Red teddy bears in Saudi Valentine's Day black market

With a waist-high, lipstick-red teddy bear poised outside his shop, it was hard for Mohammed to hide his Valentine's Day black market goods inside a mall in the Saudi port city of Jeddah. On the eve of Valentine's, he was worried that the Saudi...

With a waist-high, lipstick-red teddy bear poised outside his shop, it was hard for Mohammed to hide his Valentine's Day black market goods inside a mall in the Saudi port city of Jeddah.

On the eve of Valentine's, he was worried that the Saudi religious police, who call the holiday a heretical practice in Islamic society, would confiscate his red, pink and white stuffed bears and other gifts.

This is an annual battle between Saudi romantics and the feared Islamic police, or Muttawa, who earlier in the week sent out their yearly message warning that all things red would be seized the day before Valentine's.

Red cakes, red-dyed chocolates, the ever-popular stuffed bears and even red roses were strictly off-limits.

But shops and clients still schemed to make the best of the day, with telephone orders being made for bouquets and sweets for delivery from stock hidden in back rooms.

Couples looking for a romantic night out tried to skirt the kingdom's conservative Islamic laws, which ban unrelated men and women from socialising, and hunted for restaurants shielded from the watchful gaze of the Muttawa.

Or, said a single woman in her 20s, romantic dinners with the opposite sex were planned for the 13th or 15th.

"Two years ago we lost 6,000 roses," said Jeddah flower shop attendant Maher, counting the loss in several thousand dollars from the confiscations carried out by the Muttawa.

Red flowers and gifts were abundant in his shop last Friday but he said that early yesterday he would move the goods out of sight, and pray that the Muttawa would not come by.

"It's worth the risk, because it is good business," he said, noting that roses had doubled in price to 10 riyals ($2.70) a stem this week, and could go higher by today.

Asked what would happen if he was caught dealing in red roses under the counter, another florist crossed his wrists in the universal sign of being handcuffed.

Jeddah residents say it's not too hard to get away with celebrating Valentine's Day, because the religious police had been put on a tight leash in the relatively liberal city.

But elsewhere in Saudi Arabia, it's a big challenge.

In the eastern city of Dammam, nothing red was in sight in any flower shops last Thursday.

In Riyadh, lovers were determined to make the best of it.

"What we usually do is arrange gifts by phone from before.
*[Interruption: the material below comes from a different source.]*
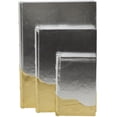 thumbnail image 5 of CosmoLiving by Cosmopolitan Metallic Faux Book Storage Silver Faux Leather Decorative Box with Wavy Gold Design, 3 Count, 5 of 14
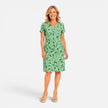 Women's casual printed midi dress by FJØRNA featuring a V-neck and short sleeves, perfect for summer wear.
They just send the flowers on the date," said the woman, who asked not to be identified. Romantic dinners are a challenge on February 14.

Last year, she said, one top-end French restaurant in Riyadh that is popular with unmarried couples because it normally manages to keep the religious police at bay, had to allow them in for inspection on Valentine's Day.
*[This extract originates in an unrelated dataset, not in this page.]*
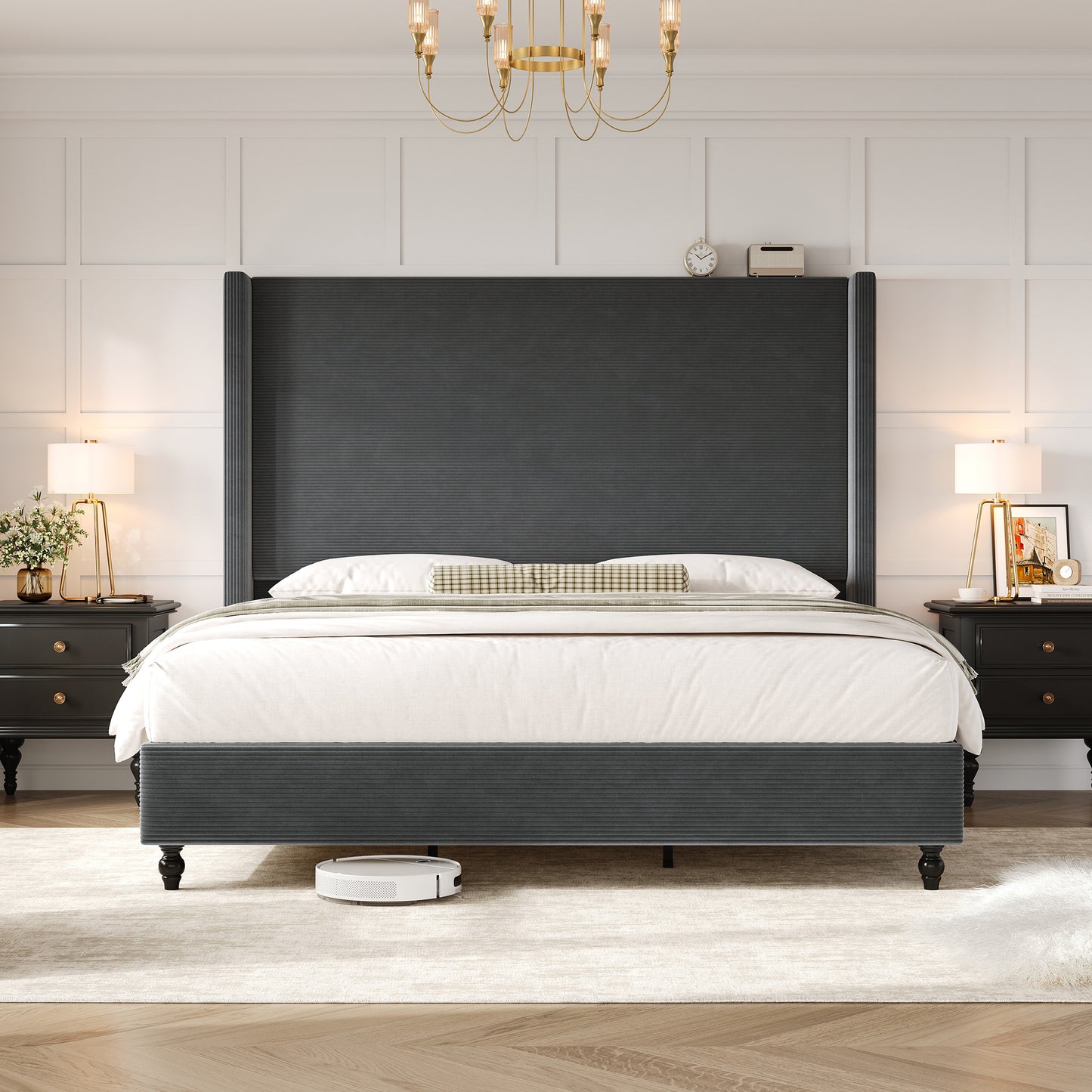 Cordelle Corduroy Wingback Bed Frame-Q-Dark Grey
"For the couples who are afraid, they celebrate one day before or one day after," she said.

Mohammed, who had the metre-high teddy bear on display outside his shop, said he also had a system worked out.

"I am afraid of being arrested, and I want to lock the door before they come," he said, explaining that if the Muttawa invaded he would be tipped off by the mall watchmen and pretend to be closed.